Excerpts from a dataset
━━━━━━━━━━━━━━━━━━━━━━━━━━━━━━

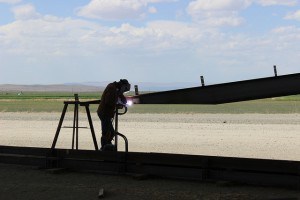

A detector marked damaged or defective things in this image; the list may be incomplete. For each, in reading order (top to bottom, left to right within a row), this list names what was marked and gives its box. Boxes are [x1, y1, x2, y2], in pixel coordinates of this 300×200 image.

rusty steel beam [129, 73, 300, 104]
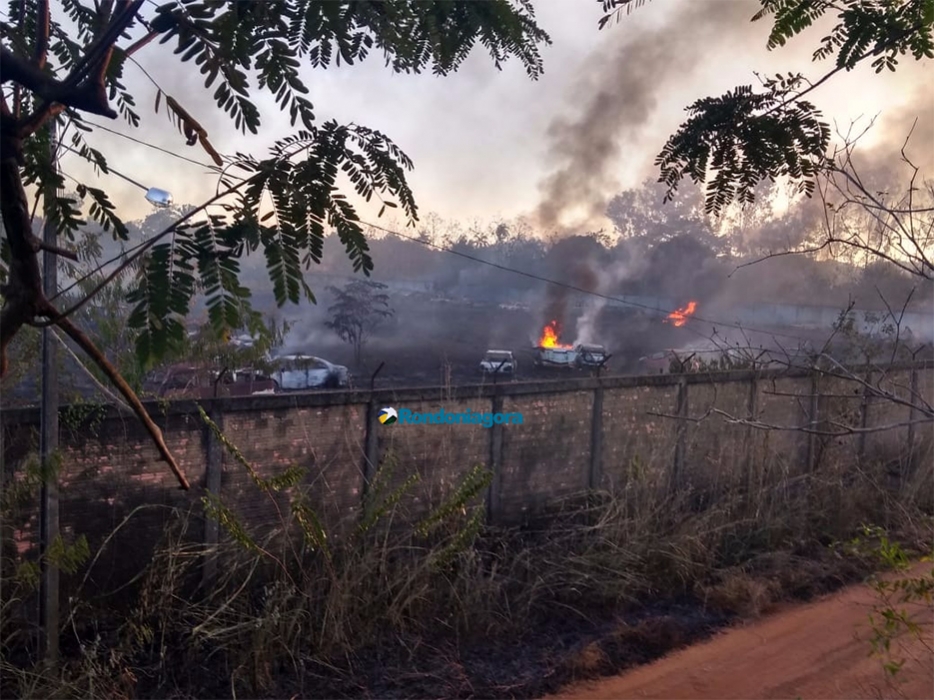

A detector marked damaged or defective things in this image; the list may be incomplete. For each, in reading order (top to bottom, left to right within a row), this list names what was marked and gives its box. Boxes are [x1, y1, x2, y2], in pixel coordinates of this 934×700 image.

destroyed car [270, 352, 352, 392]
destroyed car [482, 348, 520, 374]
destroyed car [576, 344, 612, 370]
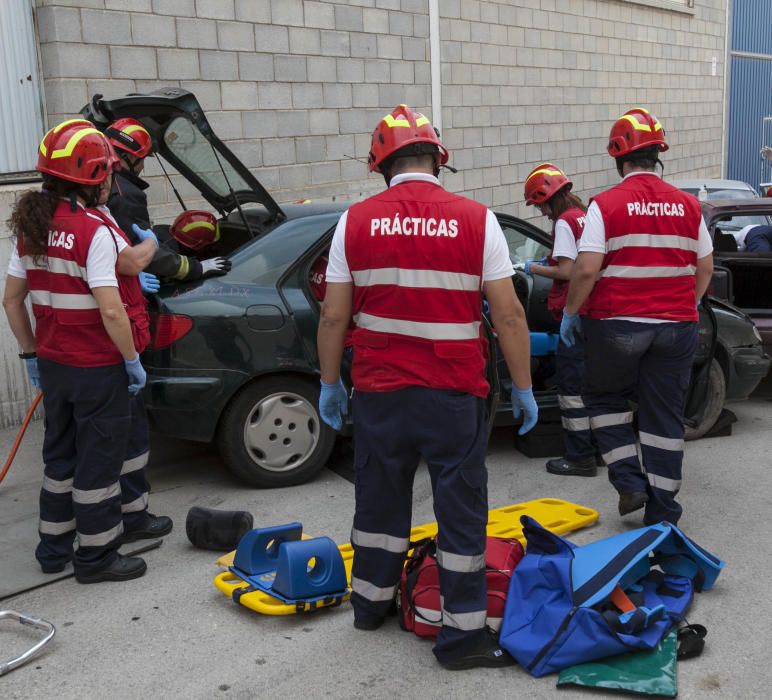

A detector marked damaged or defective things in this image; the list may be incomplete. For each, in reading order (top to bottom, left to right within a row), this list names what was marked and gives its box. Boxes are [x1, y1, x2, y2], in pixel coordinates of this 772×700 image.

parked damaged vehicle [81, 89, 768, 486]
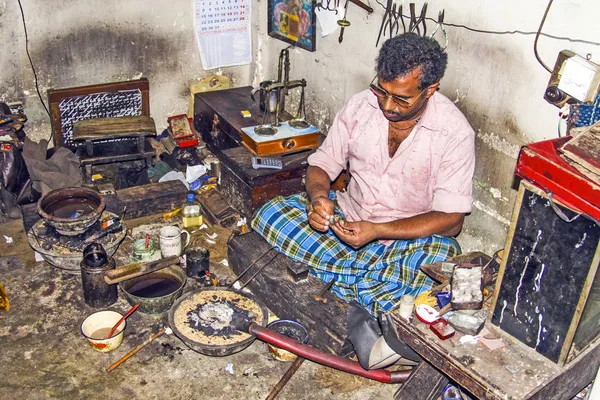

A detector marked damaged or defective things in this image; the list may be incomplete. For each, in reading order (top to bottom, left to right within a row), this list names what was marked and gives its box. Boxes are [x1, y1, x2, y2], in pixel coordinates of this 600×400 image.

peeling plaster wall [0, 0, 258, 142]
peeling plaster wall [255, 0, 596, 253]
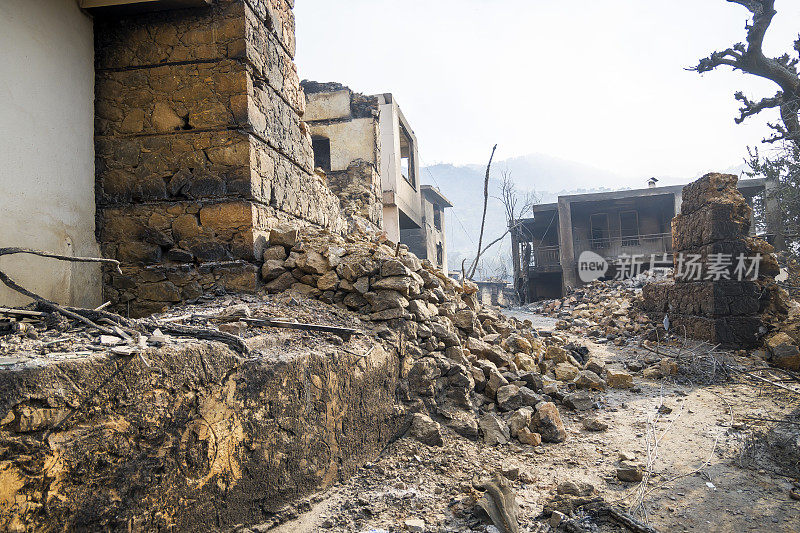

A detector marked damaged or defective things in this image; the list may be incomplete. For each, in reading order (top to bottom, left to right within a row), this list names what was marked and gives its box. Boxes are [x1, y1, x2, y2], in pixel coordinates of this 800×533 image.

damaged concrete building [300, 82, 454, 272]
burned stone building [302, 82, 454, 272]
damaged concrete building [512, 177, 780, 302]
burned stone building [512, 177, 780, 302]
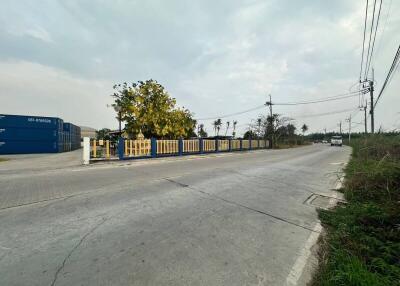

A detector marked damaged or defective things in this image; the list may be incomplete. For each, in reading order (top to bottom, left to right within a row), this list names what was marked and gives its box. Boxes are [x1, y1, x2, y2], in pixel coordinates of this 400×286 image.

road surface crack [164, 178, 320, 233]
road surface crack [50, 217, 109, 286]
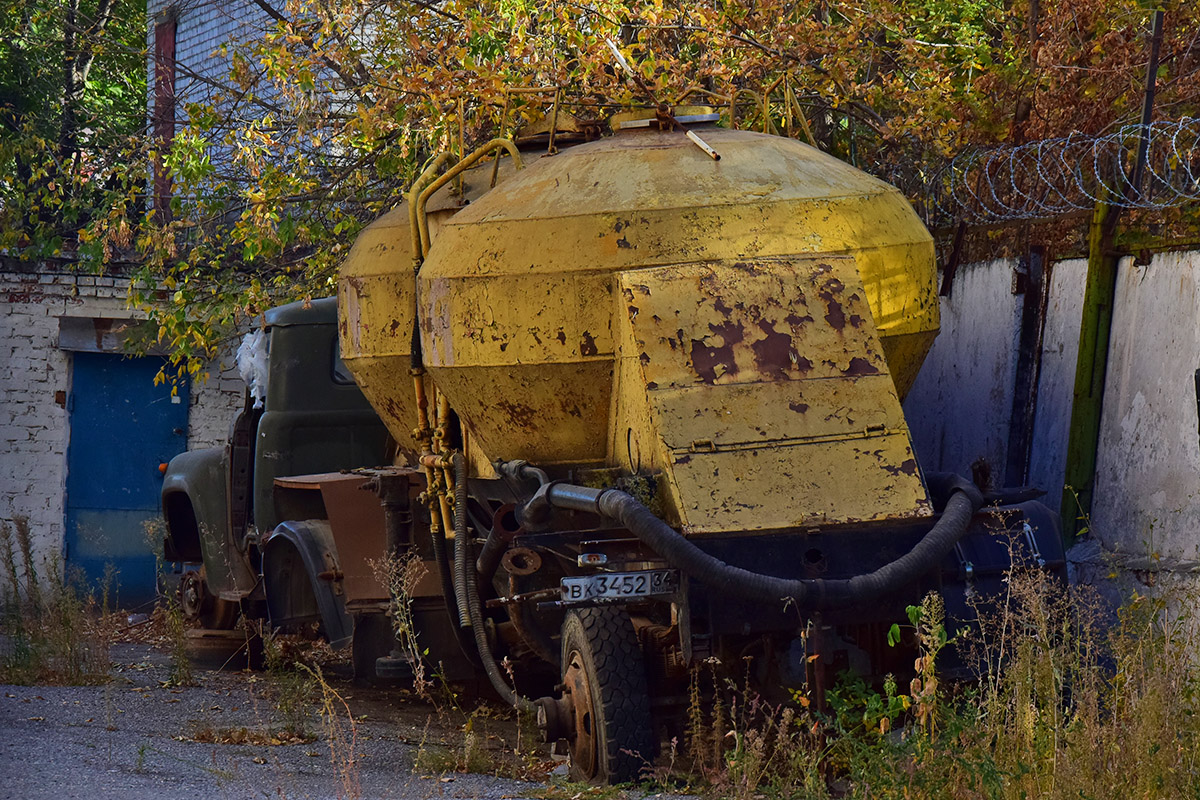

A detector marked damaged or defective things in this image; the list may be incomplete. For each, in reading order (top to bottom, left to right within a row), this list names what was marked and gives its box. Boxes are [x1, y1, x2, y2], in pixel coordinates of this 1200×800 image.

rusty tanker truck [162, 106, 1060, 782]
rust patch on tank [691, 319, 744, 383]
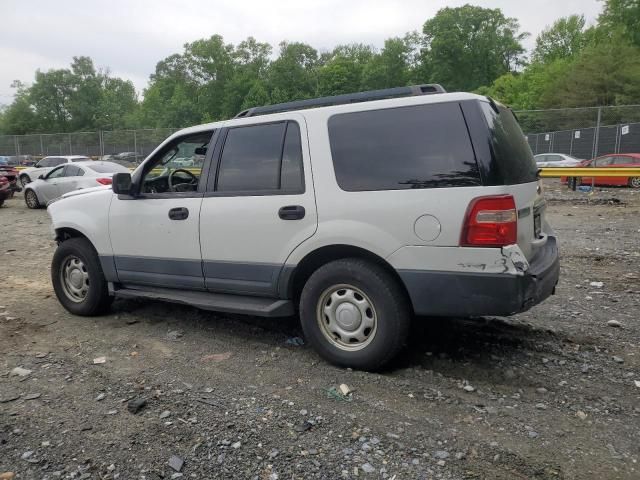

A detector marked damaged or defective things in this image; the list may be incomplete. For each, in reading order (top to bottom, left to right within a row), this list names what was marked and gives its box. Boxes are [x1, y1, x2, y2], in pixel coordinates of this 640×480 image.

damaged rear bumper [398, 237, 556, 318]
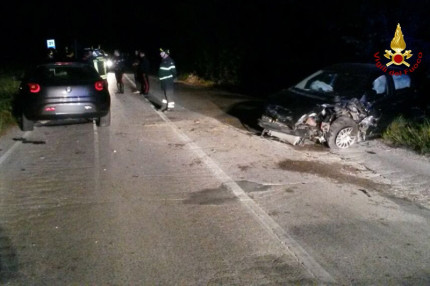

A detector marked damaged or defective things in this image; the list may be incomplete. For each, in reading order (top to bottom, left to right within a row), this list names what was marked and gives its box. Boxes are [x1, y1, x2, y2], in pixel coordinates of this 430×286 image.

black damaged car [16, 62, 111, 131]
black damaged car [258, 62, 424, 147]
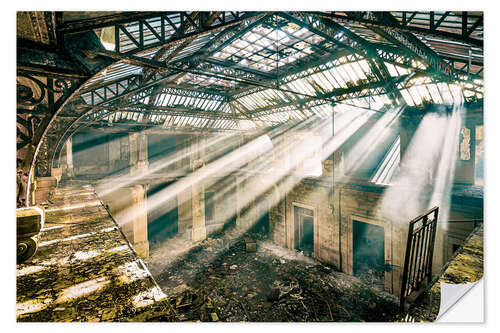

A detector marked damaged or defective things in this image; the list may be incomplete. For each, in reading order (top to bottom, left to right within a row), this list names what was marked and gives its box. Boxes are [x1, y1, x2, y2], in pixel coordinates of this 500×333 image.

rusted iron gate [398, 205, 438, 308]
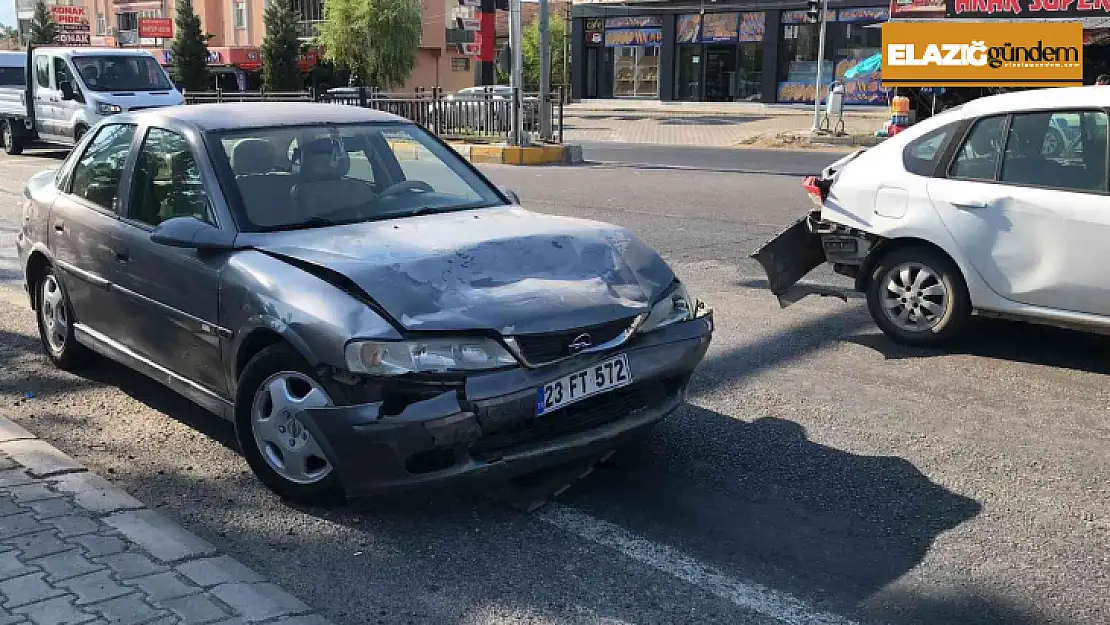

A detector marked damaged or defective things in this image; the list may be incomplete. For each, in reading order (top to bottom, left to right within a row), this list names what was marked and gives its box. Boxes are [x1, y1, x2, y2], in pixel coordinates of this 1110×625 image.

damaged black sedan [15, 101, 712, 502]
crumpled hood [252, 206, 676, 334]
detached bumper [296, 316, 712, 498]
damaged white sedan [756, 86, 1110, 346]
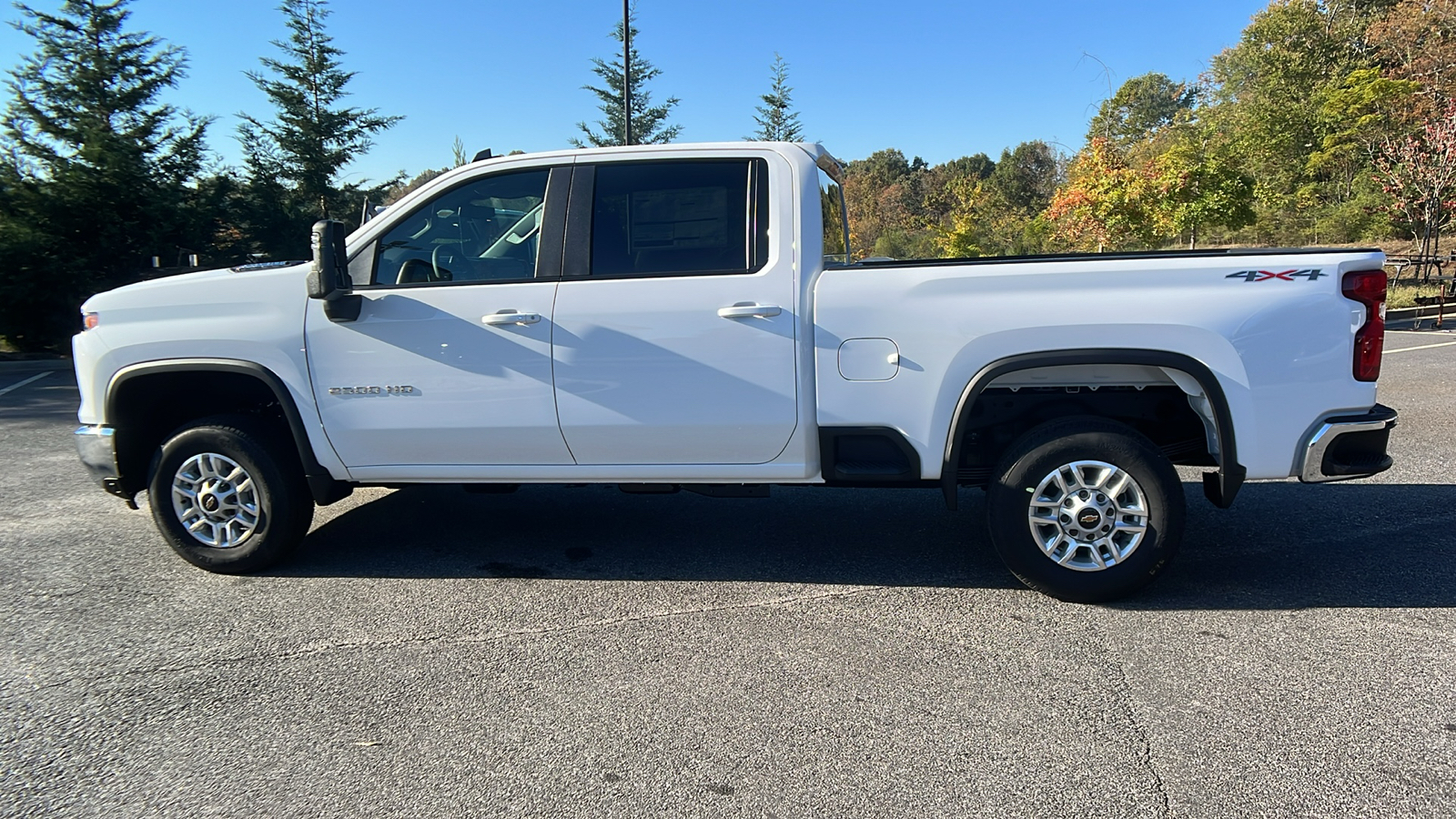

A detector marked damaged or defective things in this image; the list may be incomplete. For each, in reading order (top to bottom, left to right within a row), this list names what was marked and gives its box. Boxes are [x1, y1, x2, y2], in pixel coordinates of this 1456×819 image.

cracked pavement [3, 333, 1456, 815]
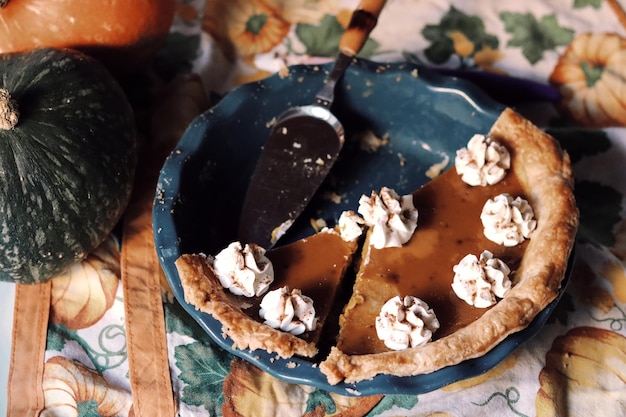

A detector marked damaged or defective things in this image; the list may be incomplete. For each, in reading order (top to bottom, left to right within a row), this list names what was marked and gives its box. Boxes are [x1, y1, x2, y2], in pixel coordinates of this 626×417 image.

━━━━━━━━━━━━━━━━━━━━━━━━━━━━━━

■ **The problem**: In the records above, the lines from the one containing "this 1456×819 image." through the last line are to be written out exactly, both ends included and pictures omitted.

■ **Result below**:
A detector marked damaged or defective things in this image; the list may be incomplete. For each, in reading order (top to bottom, left to right within a row), this list names what was marked and gives its box. Boxes are [x1, y1, x2, y2], in pixel coordinates of this 1456×819 image.

cracked pavement [3, 333, 1456, 815]

A detector marked damaged or defective things in this image; the list may be incomplete. For each, in reading order (top to bottom, left to right within a row), this list names what was marked and gives its box. Boxes are [x1, y1, x2, y2], in pixel coordinates of this 626×417 image.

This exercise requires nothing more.